Scalable incremental building with dynamic task dependencies

August 29, 2018

Following up on our paper about the design of the PIE build DSL, a paper at the ASE 2018 conference, to be presented by Gabriël Konat next week, deals with the poor scalability of the Pluto algorithm we used for the implementation of PIE. Since the algorithm inspects the entire dependency graph, even if few nodes are affected by a change, there is a large overhead that becomes significant in large projects. This paper extends the Pluto algorithm with a bottom-up traversal of the dependency graph that only visits nodes affected by a change, dramatically reducing build times in most scenarios.

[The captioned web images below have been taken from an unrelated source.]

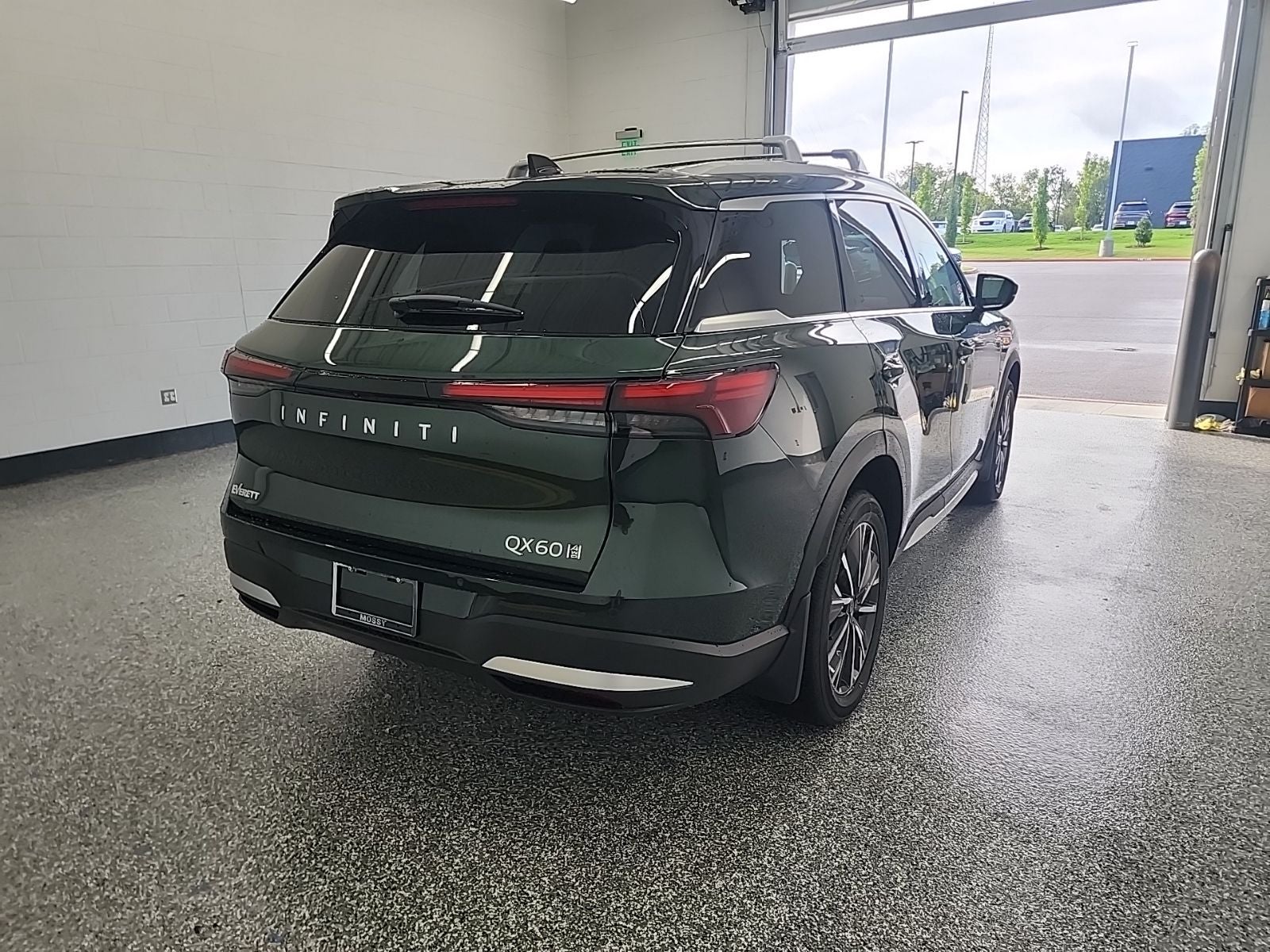 2026 INFINITI QX60 LUXE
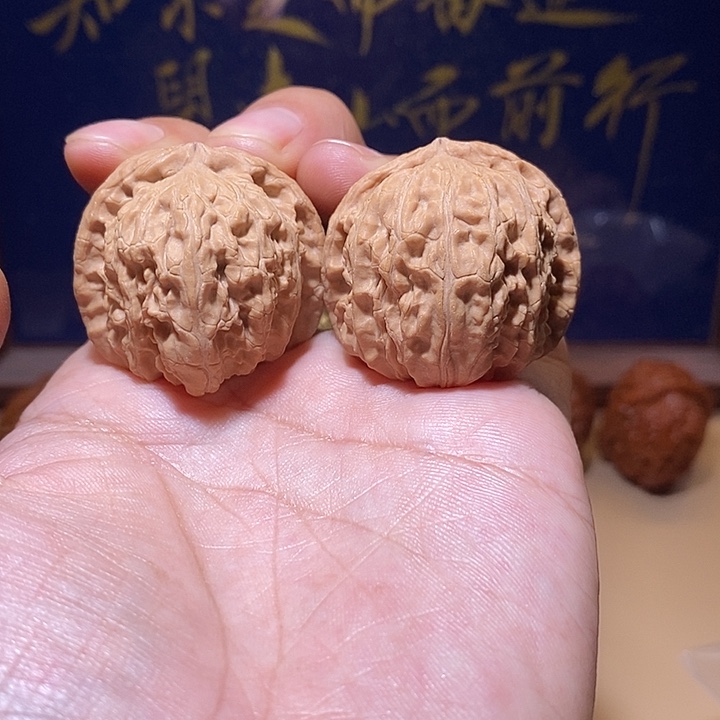 把件文玩核桃全品无修35尺延庆老树三角白狮子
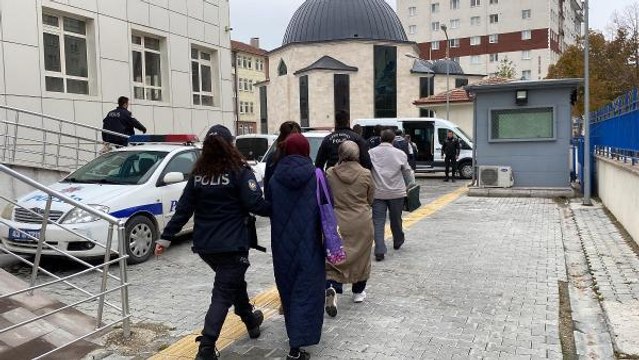 Son dakika haberleri | KÜTAHYA'DA GÖZALTINA ALINAN 61 FETÖ ŞÜPHELİSİNDEN 7'Sİ ADLİYEDE
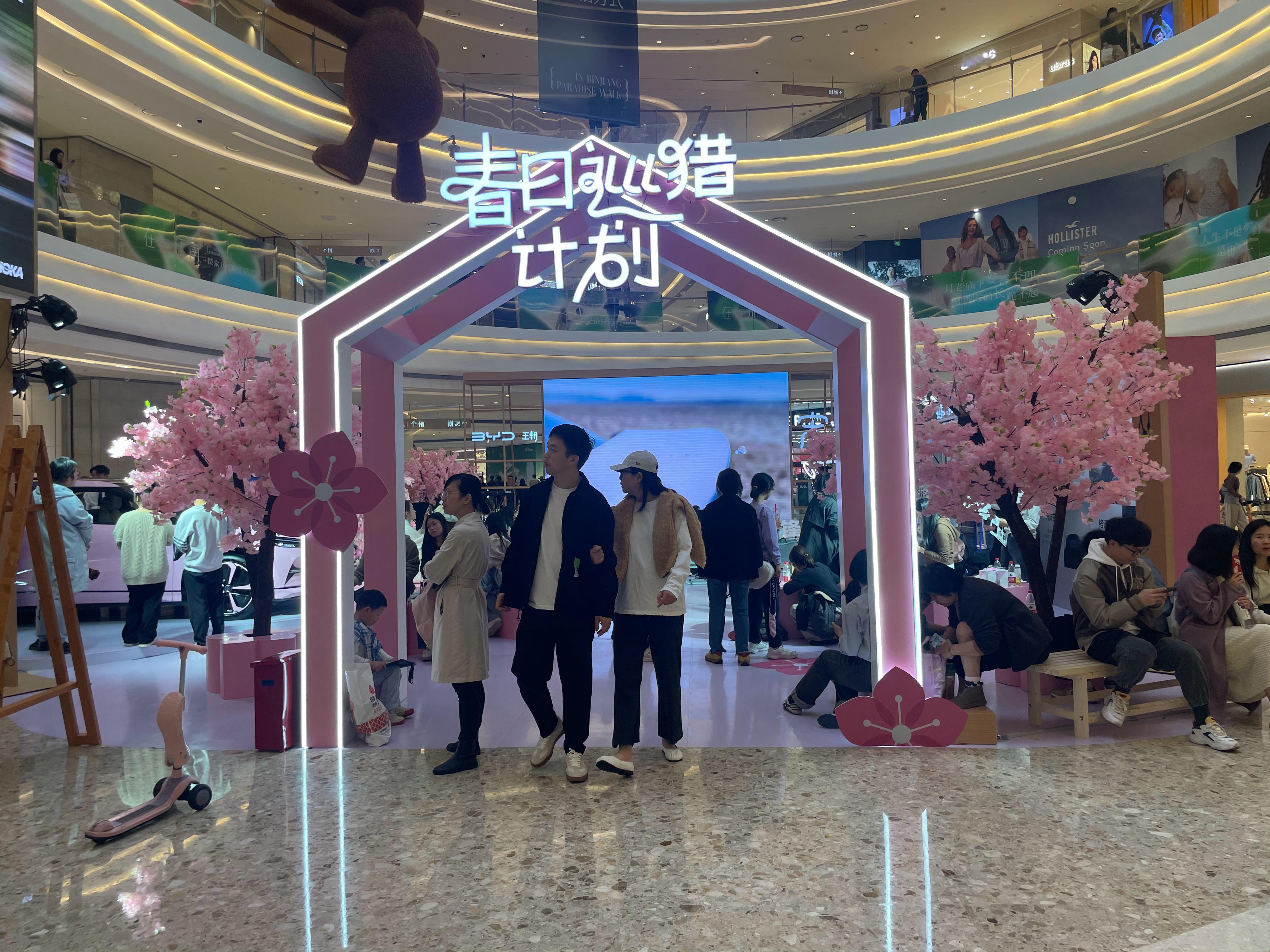 打卡杭州宋L活动，这个粉色实在太惊艳了，老夫的少女心都快化了，最美的颜色配上比亚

Gabriël Konat, Sebastian Erdweg, and Eelco Visser. 2018. Scalable incremental building with dynamic task dependencies. In Proceedings of the 33rd ACM/IEEE International Conference on Automated Software Engineering (ASE 2018). ACM, New York, NY, USA, 76-86. DOI: https://doi.org/10.1145/3238147.3238196

Abstract:

Incremental build systems are essential for fast, reproducible software builds. Incremental build systems enable short feedback cycles when they capture dependencies precisely and selectively execute build tasks efficiently. A much overlooked feature of build systems is the expressiveness of the scripting language, which directly influences the maintainability of build scripts. In this paper, we present a new incremental build algorithm that allows build engineers to use a full-fledged programming language with explicit task invocation, value and file inspection facilities, and conditional and iterative language constructs. In contrast to prior work on incrementality for such programmable builds, our algorithm scales with the number of tasks affected by a change and is independent of the size of the software project being built. Specifically, our algorithm accepts a set of changed files, transitively detects and re-executes affected build tasks, but also accounts for new task dependencies discovered during building. We have evaluated the performance of our algorithm in a real-world case study and confirm its scalability.